A bit odd to use Elizabeth Holmes as the article image. She’s an outlier and does not represent the majority of women-led businesses. Featuring it as the main image is contradictory to your main point.
You could make an argument Silicon Valley is hostile to women, but it's actually all of America. The U.S. does not provide federally mandated paid maternity leave, being the only industrialized country without a national paid leave policy. That's not a normal policy and it's indicative of wide sexism normalized in the culture. The women in Tech movement back in the early 2010s basically failed and things have been going downhill now with the assault on DEI. Witness how women are treated on social media? Cards are stacked against you in the U.S. if you are a woman, are non-white or have a goofy (non-American) English accent.

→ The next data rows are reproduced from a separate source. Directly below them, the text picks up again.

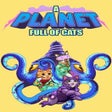 Icon of program: A Planet Full of Cats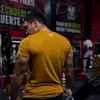 Edwin Casas - @edwincasas8 - TikTok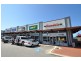 1/10 Dulegal Way, Aveley WA 6069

In VC both on the partner and startup side, this gets magnified.
This is why I left X. I was following Dan Koe’s advice to be on X and test your ideas there before writing longer content. This is advice from a dude, FOR dude marketers. That was my experience after 3-4 months of posting there multiple times a day - crickets.

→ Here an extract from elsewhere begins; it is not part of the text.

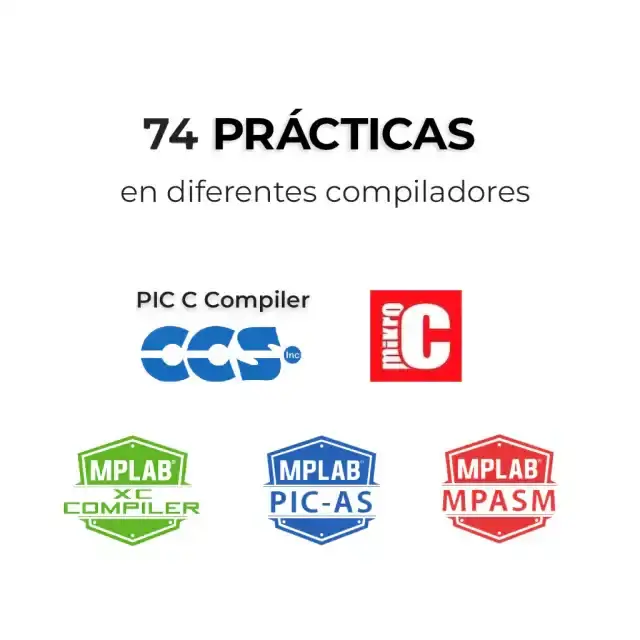 74 PRACTICAS.webp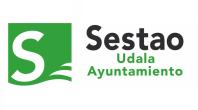 Ayuntamiento Sestao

Thank you for bringing awareness to this!!! So important. We are currently building a female-led start-up and these issues are definitely on our minds...
Double? I am being outfunded by my male competitors as much as 20-1. And what happens? They blow through millions with incompetence and inexperience, then get even more money because they “learned.” They learned things I have known already for 20 years.
I am doing something about it so any female founders reading this, buy a Need Money Not Friends shirt and join the movement to raise a 10M VC for female founders. https://needmoneynotfriendsfund.com
It’s amusing to encounter an article touting the outperformance of women-owned startups, only to feature Elizabeth Holmes - a convicted fraudster whose Theranos empire crumbled under deceit - as a visual exemplar of “female bravado.” This irony underscores a deeper philosophical tension: in a world where Nietzsche’s “will to power” demands unyielding drive and risk, empirical evidence reveals women’s general aversion to such arenas, casting doubt on these cherry-picked metrics.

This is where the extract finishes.